Start of Source data
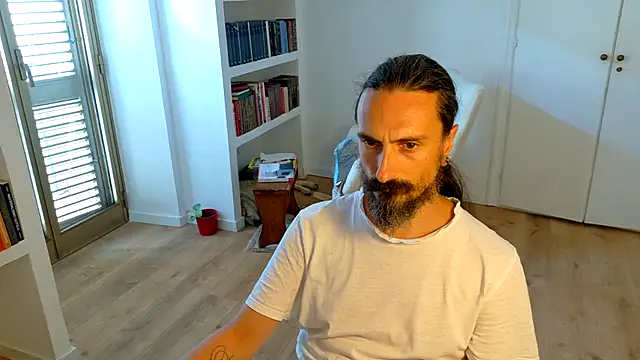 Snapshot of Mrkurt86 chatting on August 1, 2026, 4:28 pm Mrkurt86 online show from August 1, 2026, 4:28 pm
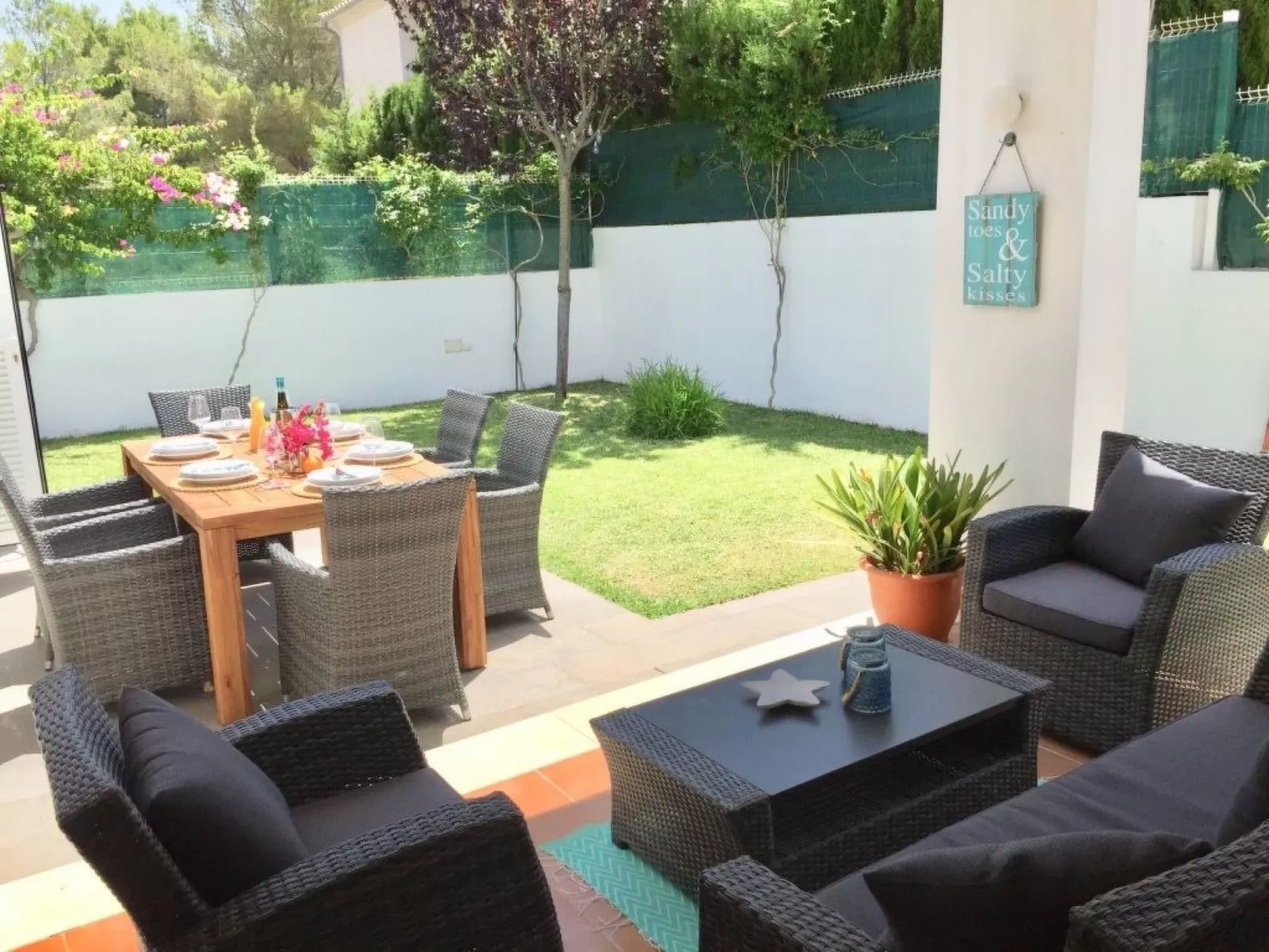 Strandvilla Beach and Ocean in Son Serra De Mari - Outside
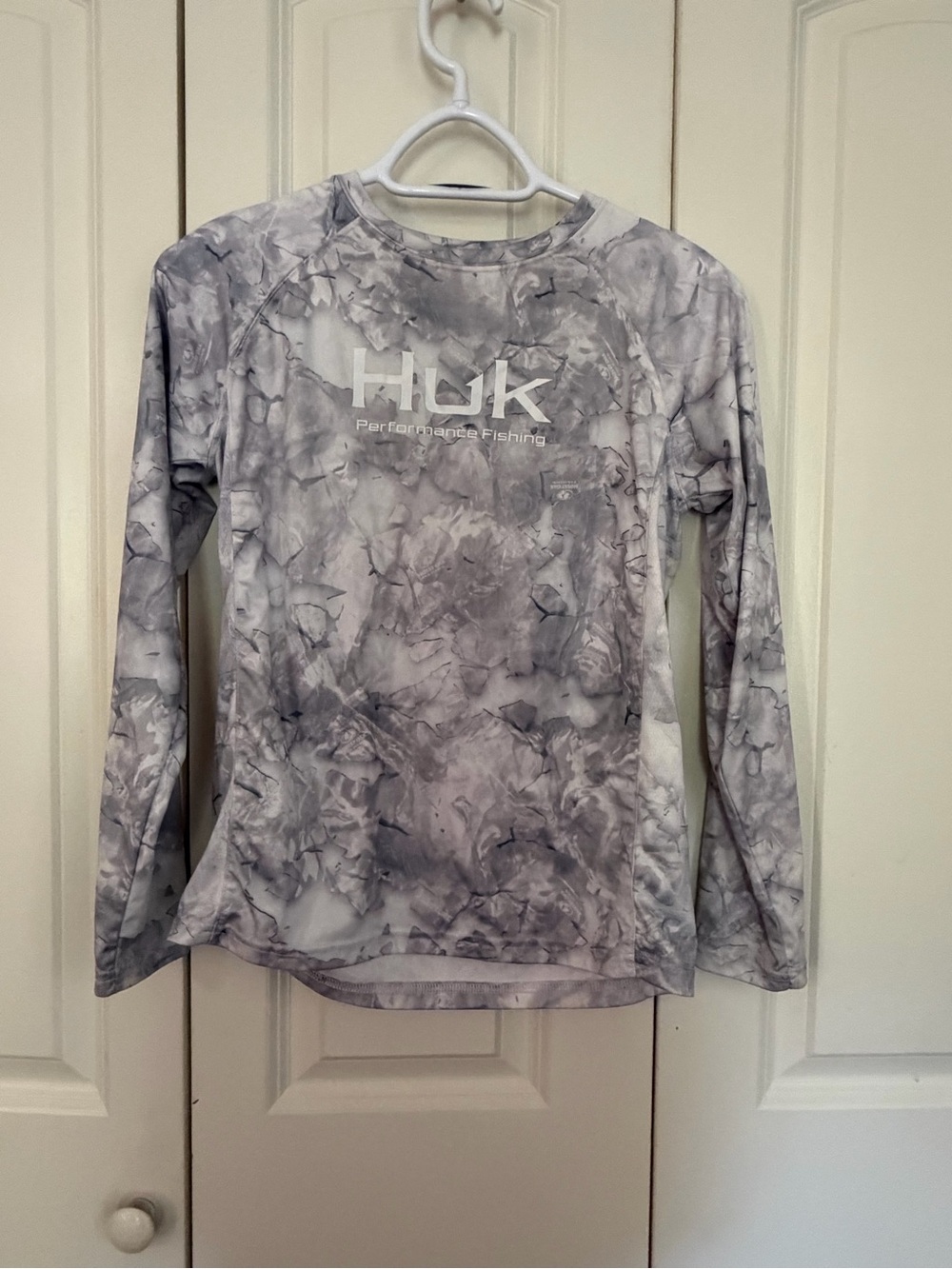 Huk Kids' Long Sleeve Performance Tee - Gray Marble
End of Source data
_Exercise goal_:
Repeat the listing word for word, and skip every picture it contains.

_Solution below_:
 Snapshot of Mrkurt86 chatting on August 1, 2026, 4:28 pm Mrkurt86 online show from August 1, 2026, 4:28 pm
 Strandvilla Beach and Ocean in Son Serra De Mari - Outside
 Huk Kids' Long Sleeve Performance Tee - Gray Marble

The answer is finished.